Questa dimensione provinciale ha influenzato in un qualche modo la vostra carriera, offrendo vantaggi o svantaggi rispetto a metropoli più grandi, come ad esempio Milano?

Il vantaggio più grande è stato quello di poter costruire una comunità di amici-fan vera: ci sono persone che hanno visto più 50 nostri concerti, che è una cosa fuori da ogni logica. L’obiettivo è riuscire a ricreare piano piano quello che abbiamo fatto a Como in altre città, magari più grandi, a partire proprio da Milano e Bologna.

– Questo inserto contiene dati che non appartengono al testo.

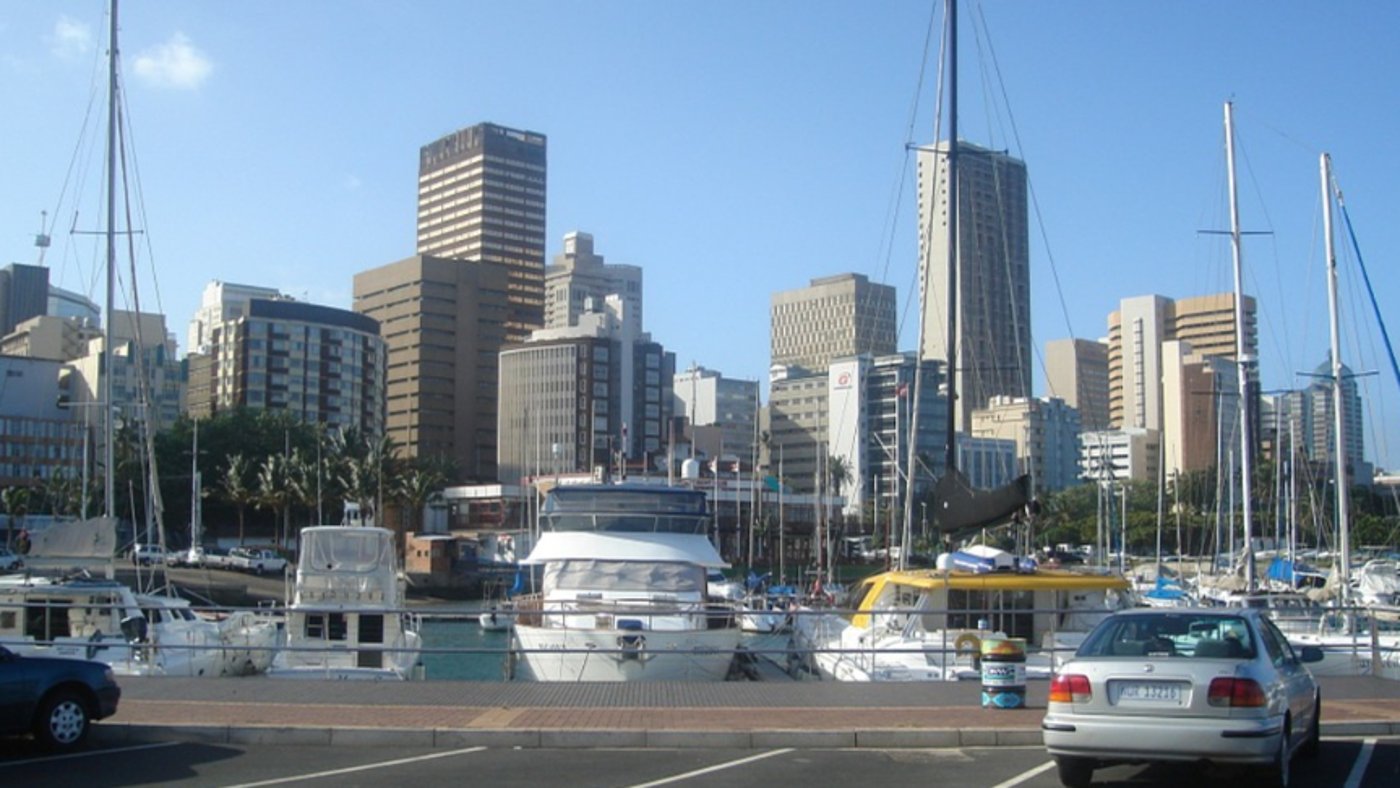 Durban City - South Africa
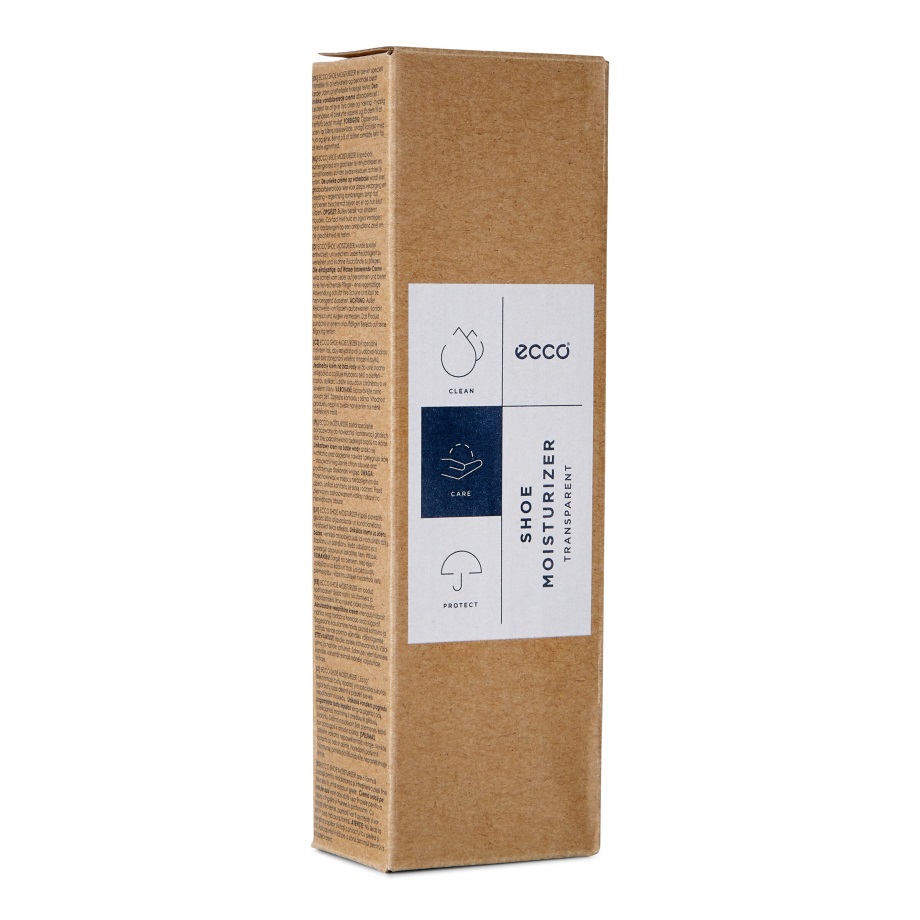 Ecco Norway Glatt Skinnpleiekrem 75 Ml Herre Gjennomsiktig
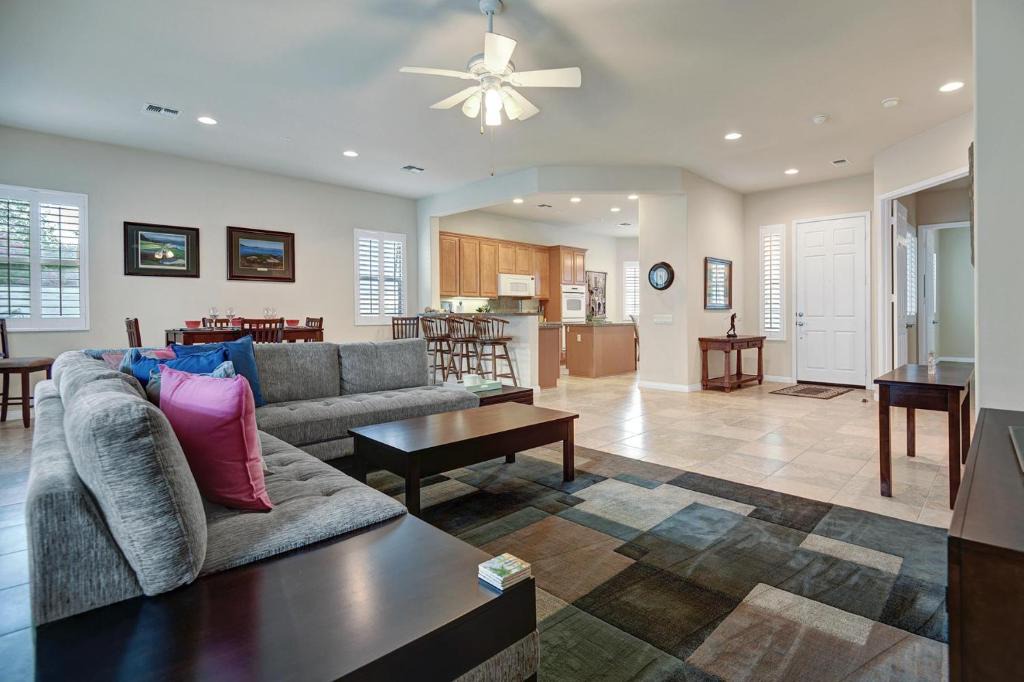 Indio House | Sun City Fun - Meredith Lodging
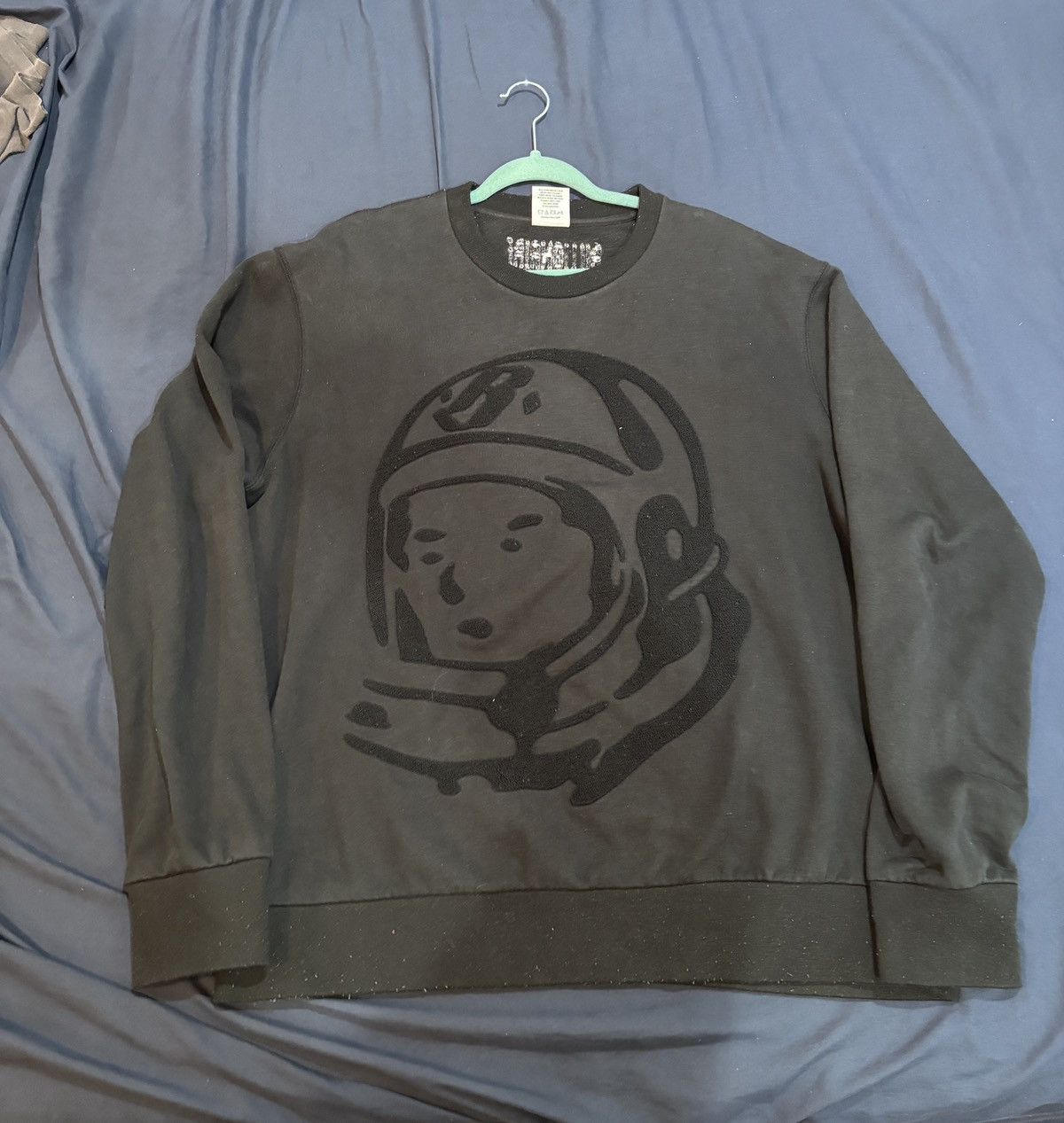 Billionaire Boys Club Billionaire Boys Club Astronaut Sweatshirt Size US XXL / EU 58 / 5 - 1 Thumbnail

Nel 2023 esci con il primo album “Meccanismi di Difesa” in cui suoni voce e chitarra da solista. Un lavoro che risente pesantemente dell’influenza di un cantautorato italiano tipo Bennato, Guccini, Fossati e Brunori SAS. Secondo te come mai sempre più giovani stanno riscoprendo questo genere?

Penso che all’estero – in Inghilterra e negli USA soprattutto – ci sia un ritorno evidente del “singer-songwriter” di ispirazione folk-rock. Penso a miei quasi-coetanei come Sam Fender o Zach Bryan, ma anche a grandi nomi del pop (da Lana del Rey a Shawn Mendes) che stanno contribuendo a riportare in voga questo sound.
Sarebbe stupendo se anche in Italia il “cantautorato” – in qualunque accezione lo si voglia intendere – tornasse in testa alle classifiche.

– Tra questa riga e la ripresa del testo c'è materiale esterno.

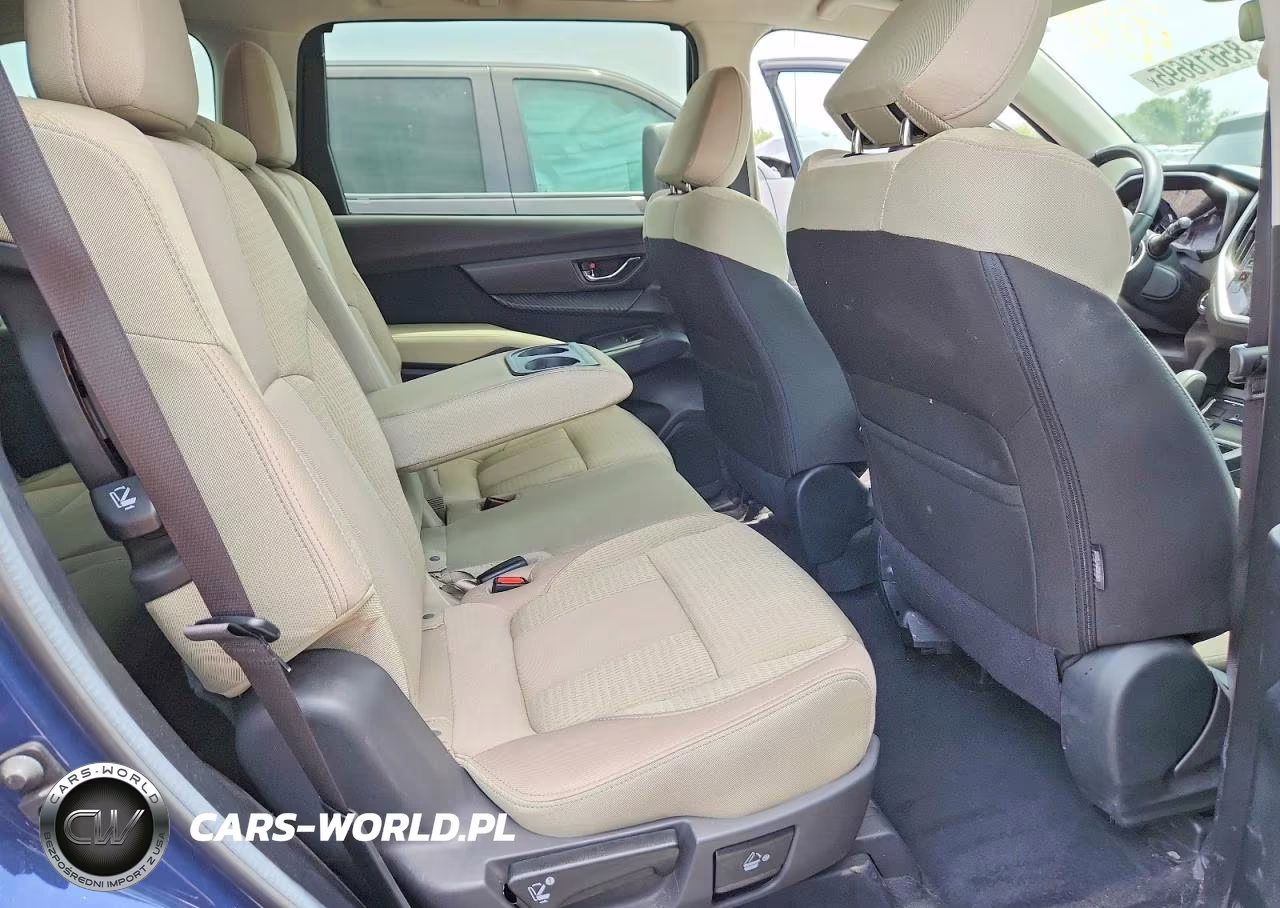 2025 Subaru Ascent Premium VIN:4S4WMAAD7S3411205 - 11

Il titolo porta una riflessione su come la musica abbia il potere straordinario di suscitare emozioni e creare stati d’animo, influenzando il modo in cui affrontiamo le nostre esperienze e le nostre difese inconsce. Qual è la tua visione in merito?

Credo veramente che la musica possa salvare le vite. E penso che uno dei compiti di chi fa il cantautore sia proprio ricordarlo: è un tema che effettivamente torna anche in molte canzoni dell’album, da Ragazzini Viziati a Tom Waits.

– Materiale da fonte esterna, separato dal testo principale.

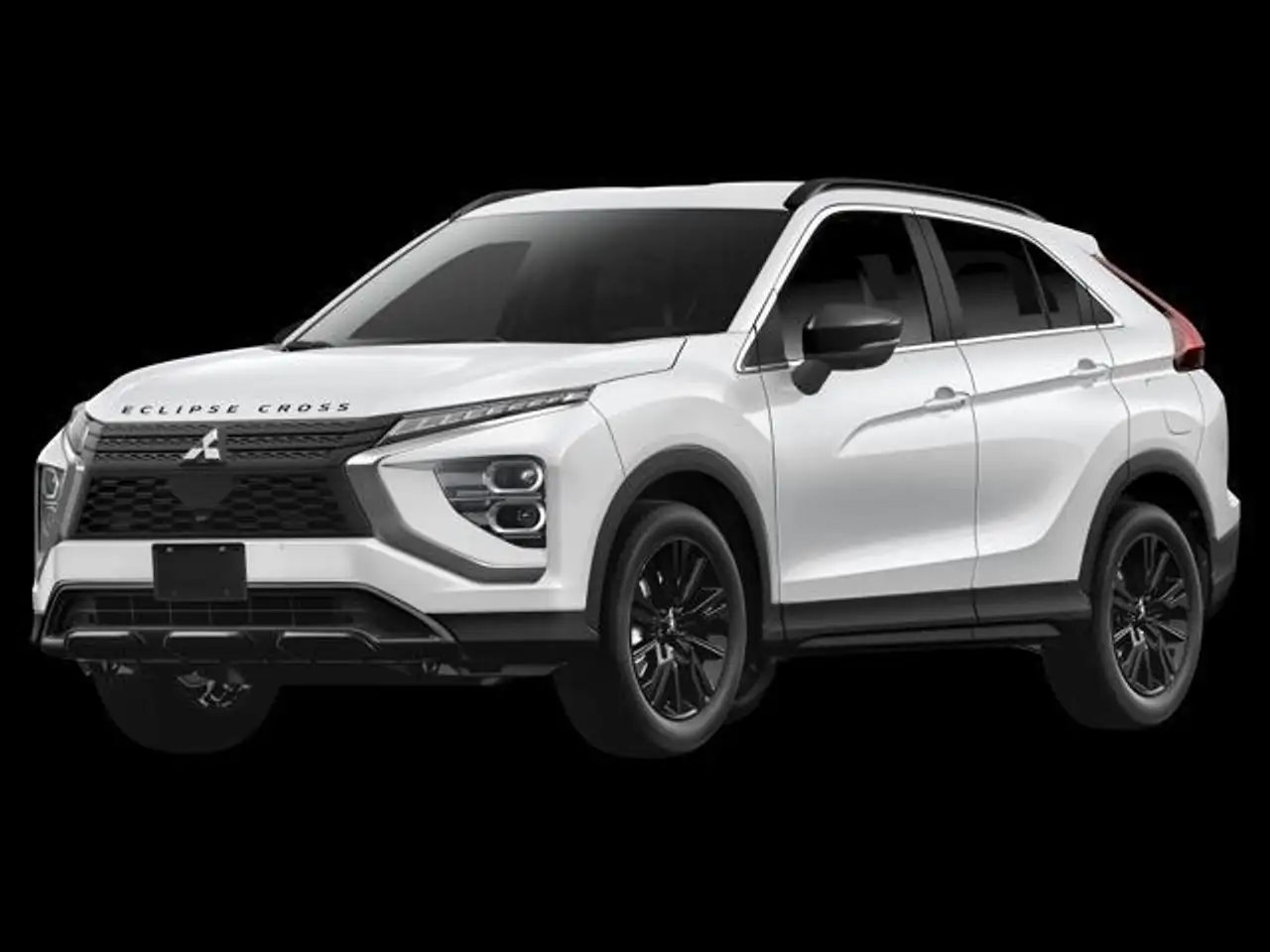 2026 Mitsubishi Eclipse Cross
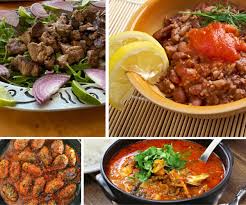 وجبات سودانية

Nel fare musica ti è mai successo di incappare in barriere, forse anche psicologiche, che ti hanno ostacolato? Come le hai affrontate?

Ovviamente sono capitate situazioni complicate, come in ogni percorso, ma potrei mettere la band tra quei Meccanismi di difesa che mi hanno sempre consentito di superarle. Suonare con loro trasforma ogni concerto, ogni prova, ogni sessione in studio in una festa tra amici. Ci siamo conosciuti ai primi anni di liceo e quindi siamo letteralmente cresciuti insieme, non solo musicalmente: il fatto di essere sempre noi ci dà una quantità di certezze – musicali e umane – che penso siano fondamentali per fare questo mestiere.
Al tempo stesso, la scelta di lavorare da solo per la parte discografica è legata anche a questo, per uscire in un certo senso da quei “meccanismi di difesa” che una dinamica di band ti garantisce. Dal vivo invece è fondamentale averne il più possibile.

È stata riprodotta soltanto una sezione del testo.